Here’s a better reason to tell my sons not to talk to women about their breasts: no women you’ll want to interact with – romantically, professionally, amicably- will want anything to do with you. That’s pretty bad, but the flip side is worse: women that are ok with you talking about or obsessing about their breasts or bodies in general are THE WORST. Someday, you will want to talk to them about something other than their diets, their workout plan, or their skincare regimen and you’ll realize they can’t. You might find some girl who fills out her cardigan nicely, and you’ll go out with her and her friends on New Year’s Eve. She’ll say a nasty thing to some other sweater-filler while you’re trying to get out of the cold on Clark Street, and that other girl will get angry. Her boyfriend will want to fight you. You will find yourself saying something like “punch me if you want, the night’s not going to get worse.” In that moment, you will look so pitiful and weak that he won’t fight you, and then you have to figure out how much money you have to give the cabbie to take your date wherever she wants to go while you walk home alone. And that is how you will start 1999.

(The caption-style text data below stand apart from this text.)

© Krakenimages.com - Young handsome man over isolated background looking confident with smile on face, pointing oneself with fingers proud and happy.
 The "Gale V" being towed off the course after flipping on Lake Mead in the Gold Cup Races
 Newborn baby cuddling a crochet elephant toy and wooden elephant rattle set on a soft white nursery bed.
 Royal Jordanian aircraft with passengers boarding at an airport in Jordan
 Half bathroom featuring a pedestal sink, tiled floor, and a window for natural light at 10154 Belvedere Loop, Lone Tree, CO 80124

Assuming my sons are straight, being fascinated by breasts is pretty much inevitable – as inevitable as the fact they will soon not want to talk about these things with their dad. I just want them to be able to politely moderate that fascination so that they can have good relationships with women.  We know there are men out there who wear their fascination on their sleeves, or  – via anatomically impossible silhouettes — on the mudflaps of their pick-up trucks. I saw a guy on the playground – the playground! – last year wearing a shirt with the word “Vagina” styled like the Coca-Cola logo. Has anyone ever done a study on the kind of relationships those men have with women? Do they even have relationships with women?

Maybe they would do well to spend some time with a lactation consultant.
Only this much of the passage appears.